▸ **Given data**
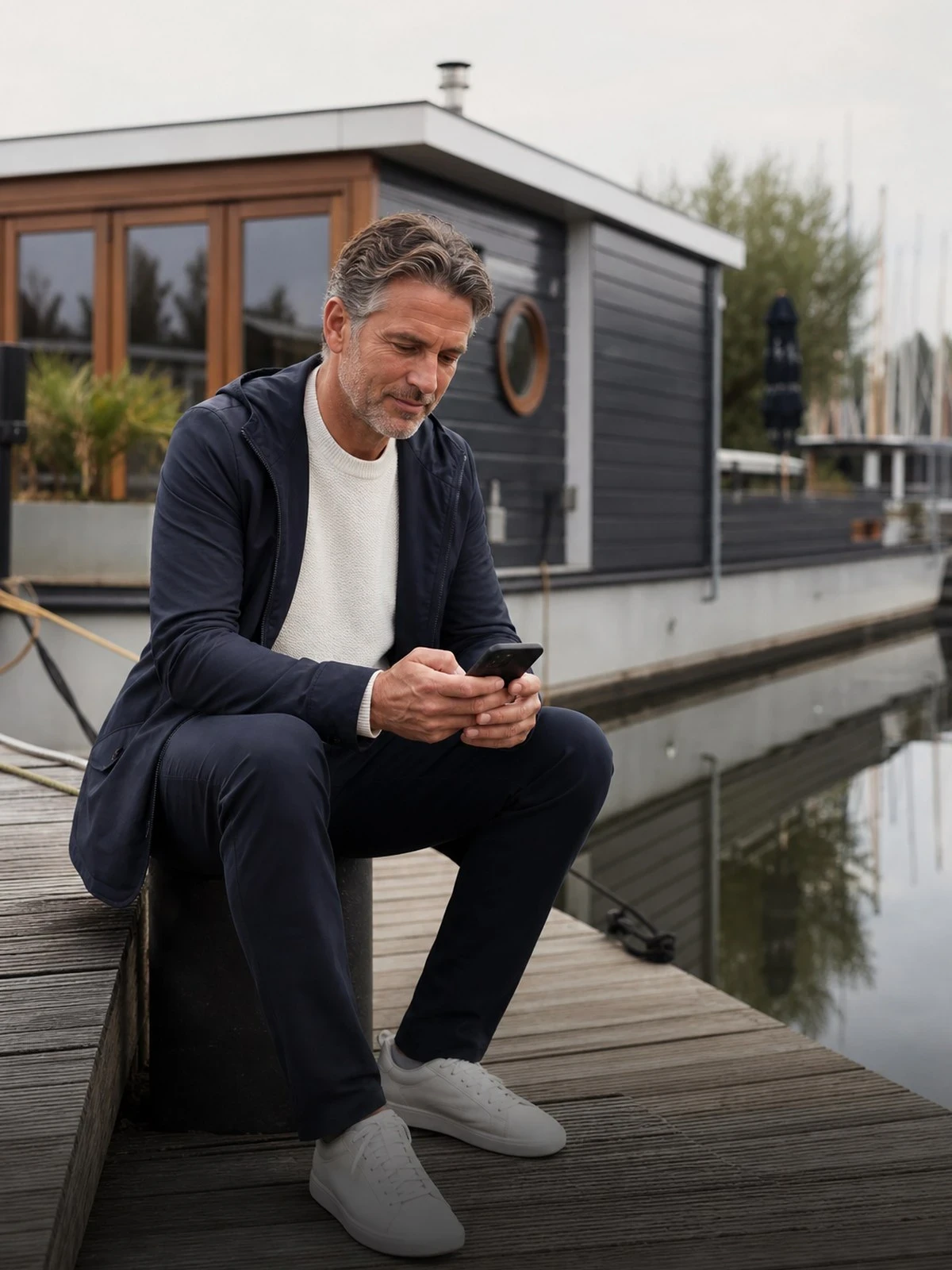 Nationale nederlanden woonbootverzekering afsluiten via Finass Verzekert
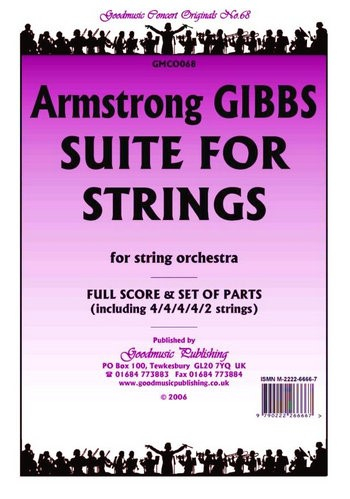 Suite for Strings for string orchestra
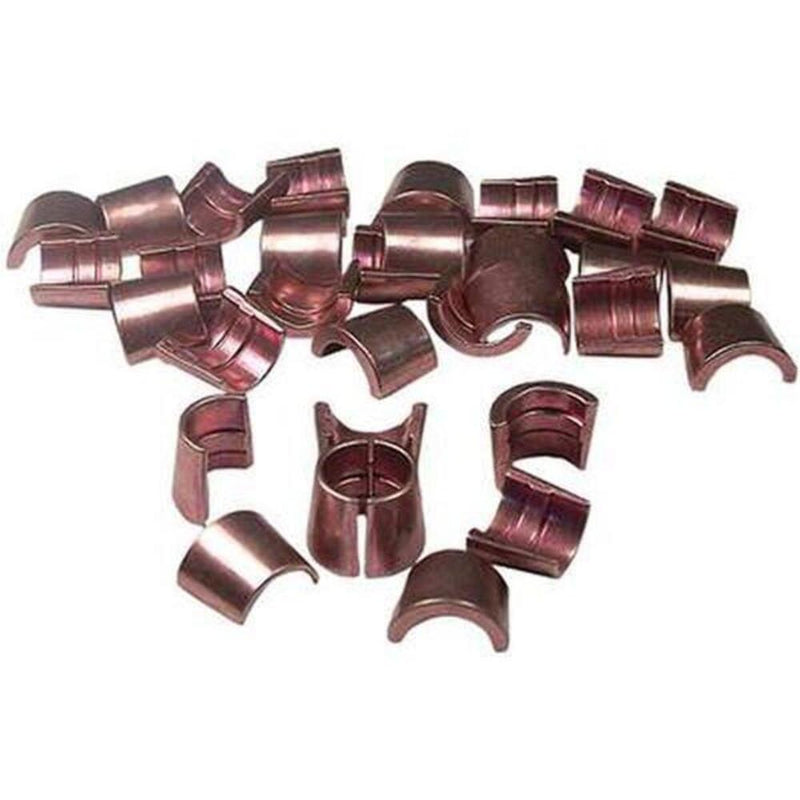 Engine Works 203-16 Valve Locks 7 degree 1-groove Stamped Steel 0.344 in. Stem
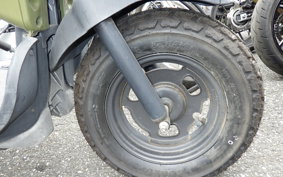 HONDA ZOOMER 2007 AF58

▸ **Problem to solve**
Give the listing again word for word, but drop every picture.

▸ **Response to the exercise**
 Nationale nederlanden woonbootverzekering afsluiten via Finass Verzekert
 Suite for Strings for string orchestra
 Engine Works 203-16 Valve Locks 7 degree 1-groove Stamped Steel 0.344 in. Stem
 HONDA ZOOMER 2007 AF58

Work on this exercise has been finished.